--- START ---

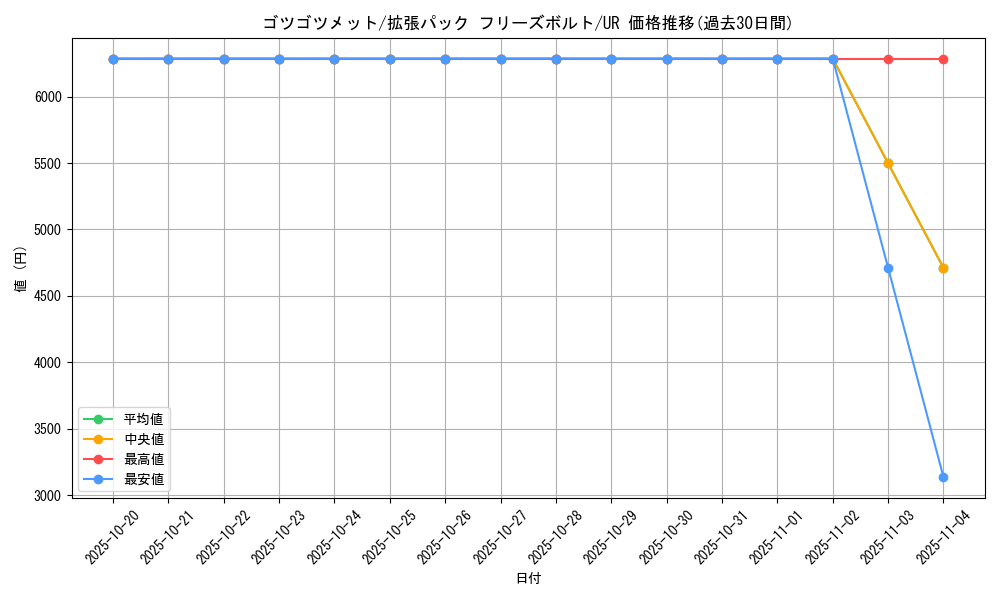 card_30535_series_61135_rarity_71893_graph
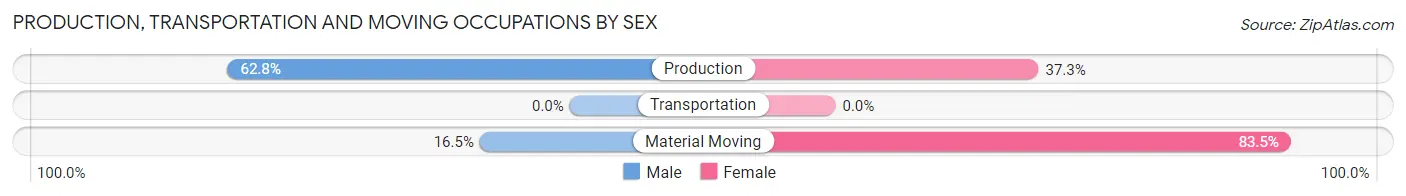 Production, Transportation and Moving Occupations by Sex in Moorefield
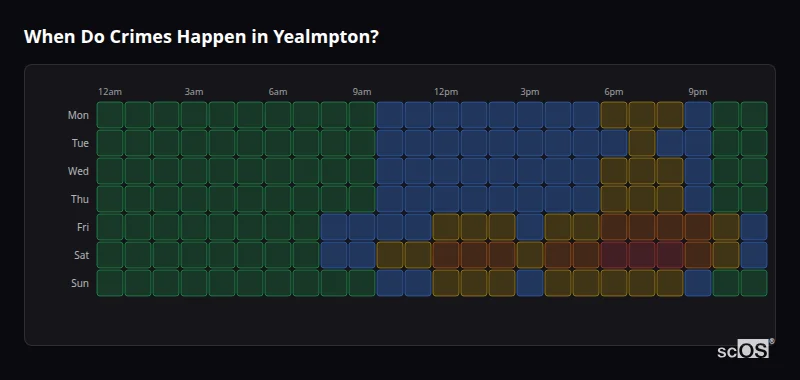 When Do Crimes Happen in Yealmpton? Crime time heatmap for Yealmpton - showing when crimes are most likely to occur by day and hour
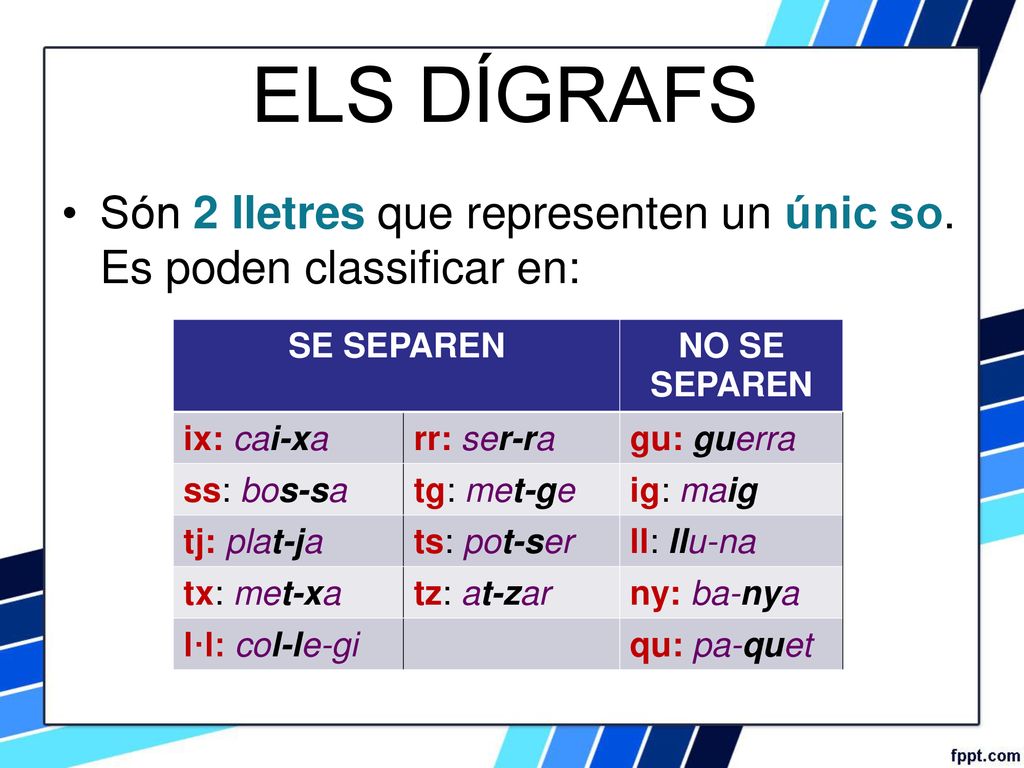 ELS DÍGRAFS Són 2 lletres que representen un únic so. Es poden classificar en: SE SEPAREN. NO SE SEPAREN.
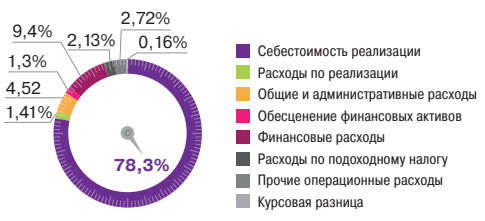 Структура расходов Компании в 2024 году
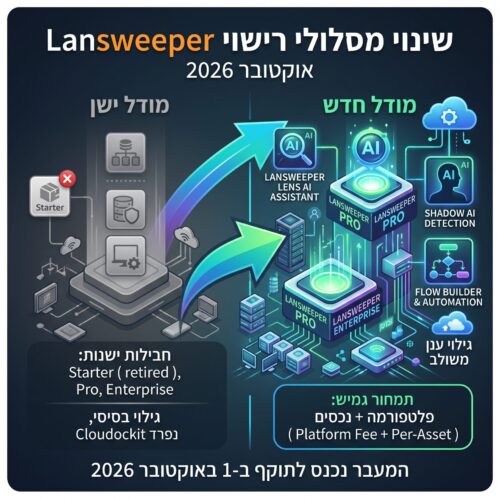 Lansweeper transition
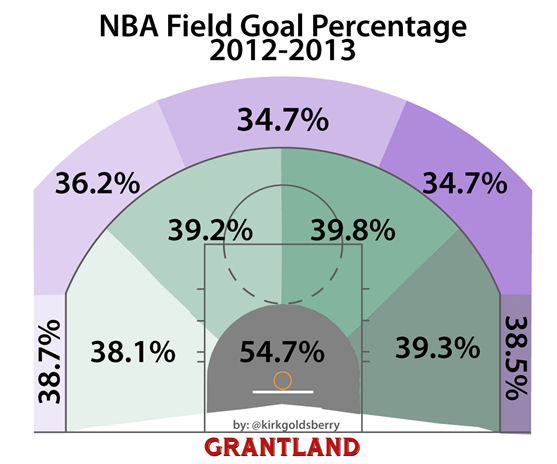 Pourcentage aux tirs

--- END ---

§ Problem description
Would you please copy the listing exactly, omitting every picture?

§ Response
 card_30535_series_61135_rarity_71893_graph
 Production, Transportation and Moving Occupations by Sex in Moorefield
 When Do Crimes Happen in Yealmpton? Crime time heatmap for Yealmpton - showing when crimes are most likely to occur by day and hour
 ELS DÍGRAFS Són 2 lletres que representen un únic so. Es poden classificar en: SE SEPAREN. NO SE SEPAREN.
 Структура расходов Компании в 2024 году
 Lansweeper transition
 Pourcentage aux tirs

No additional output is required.